The Bonferroni correction is a safeguard against multiple tests of statistical significance on the same data falsely giving the appearance of significance, as 1 out of every 20 hypothesis-tests will appear to be significant at the α = 0.05 level purely due to chance.
It was developed by Italian mathematician Carlo Emilio Bonferroni.
A uniformly more powerful test procedure is the Holm-Bonferroni method, however current methods for obtaining confidence intervals for the Holm-Bonferroni method do not guarantee confidence intervals that are contained within those obtained using the Bonferroni correction. A less restrictive criterion that does not control the familywise error rate is the rough false discovery rate giving (3/4)0.05 = 0.0375 for n = 2 and (21/40)0.05 = 0.02625 for n = 20.


from Wikipedia
 

Bala

New Member
#3
Thanks a lot........

I am using same data set to compare four different groups....so as per ur reply I have to consider the threshold p value as 0.00125..Is it right?


Thanks in Advance
Bala........:yup:
 
#5
Hi,
I am afraid I am getting confused with Bonferroni correction explained by Wikipedia so I hope to find some help here.
I have performed Wilcoxon's test on 12 variables of ten cases each, so I have 65 hypothesis to test. Which is the level of significance i have to choose using Bonferroni correction?
do i have to do 1/n so 1/65=0.015?
 
#6
Hi,
I am afraid I am getting confused with Bonferroni correction explained by Wikipedia so I hope to find some help here.
I have performed Wilcoxon's test on 12 variables of ten cases each, so I have 65 hypothesis to test. Which is the level of significance i have to choose using Bonferroni correction?
do i have to do 1/n so 1/65=0.015?
Wilcoxon's Test is non-parametric and more conservative than parametric methods already. Bonferroni correction adjusts parametric methods to account for more liberal use. Essentially, you just divide your significance level by the number of tests you run so that any one test is sufficiently stringent such that all your tests as a group are right (1-significance level)% of the time.

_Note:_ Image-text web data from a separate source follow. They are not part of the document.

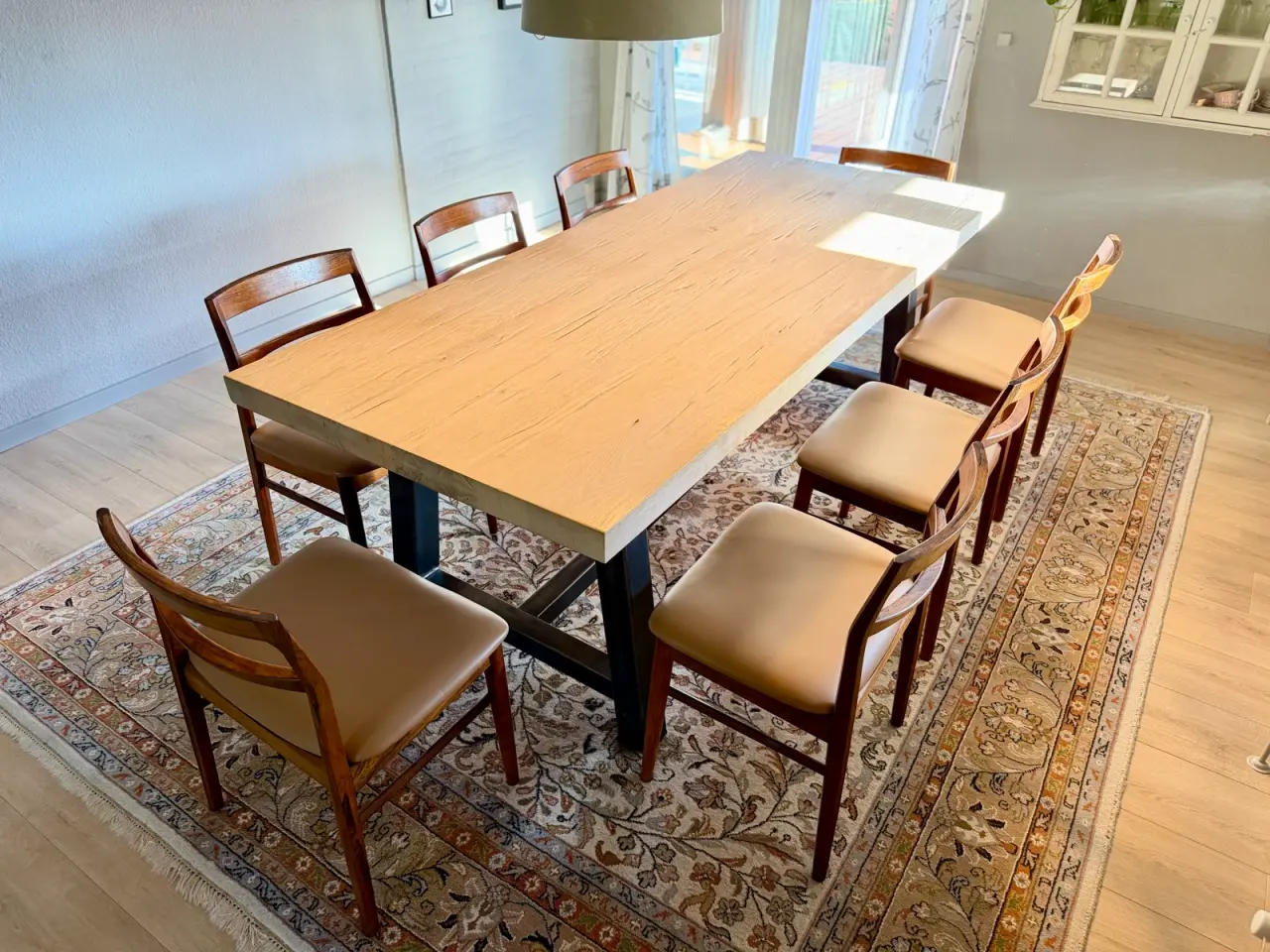 Billede 1 - 8 stk. Henning Kjærnulf spisebordsstole i palisand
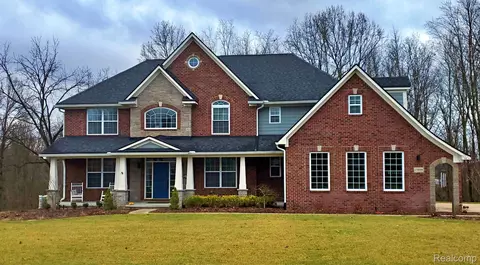 13898 Forest Ridge Cir, Green Oak, MI 48178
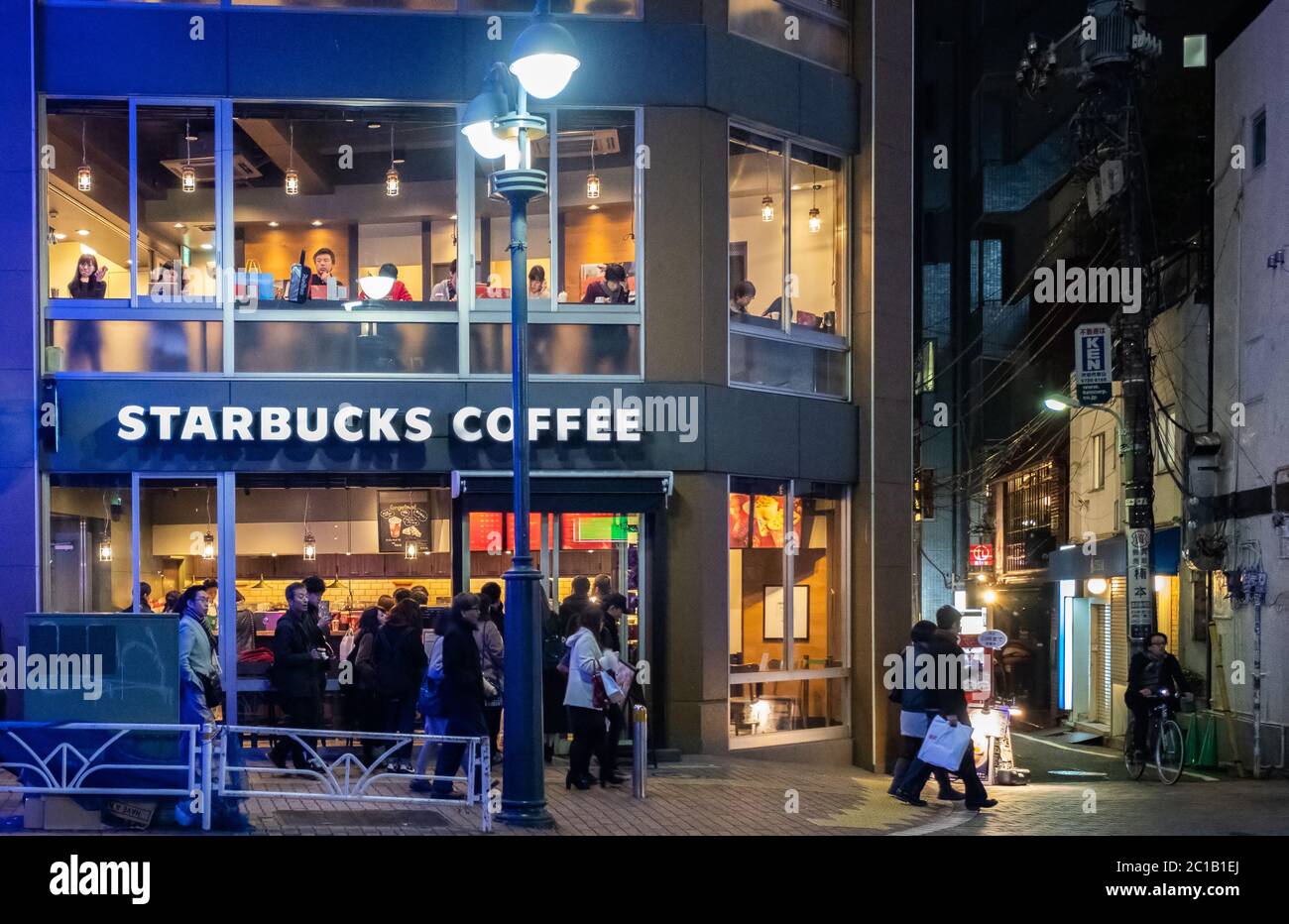 Starbucks Kaffeehaus in Shibuya, Tokio, Japan bei Nacht. Stockfoto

e.g. I want to be certain that my 65 hypotheses about a data set are correct 95% of the time, so each test should be tested at the 5%*1/65 or .077% confidence level to ensure that the failure of all the tests as whole is 65*.077% or 5%.
 

ad19

New Member
#7
Does anybody know where this formula came from for the FDR:

(3/4)0.05 = 0.0375 for n = 2 and (21/40)0.05 = 0.02625 for n = 20

I would really like to know as it would help greatly with my statistics that I'm conducting.
 
#8
@mad.casual

Do you mean, we can not use Bonferroni correction for a non parametric analysis?. For example in a Friedman's test.
 
#9
Wilcoxon's Test is non-parametric and more conservative than parametric methods already. Bonferroni correction adjusts parametric methods to account for more liberal use. Essentially, you just divide your significance level by the number of tests you run so that any one test is sufficiently stringent such that all your tests as a group are right (1-significance level)% of the time.

e.g. I want to be certain that my 65 hypotheses about a data set are correct 95% of the time, so each test should be tested at the 5%*1/65 or .077% confidence level to ensure that the failure of all the tests as whole is 65*.077% or 5%.
thanks for your answer, just to be sure: you ment 0.05 divided 65 comparisons? and not 5/65? otherwise you increase the level of significance with 0.077...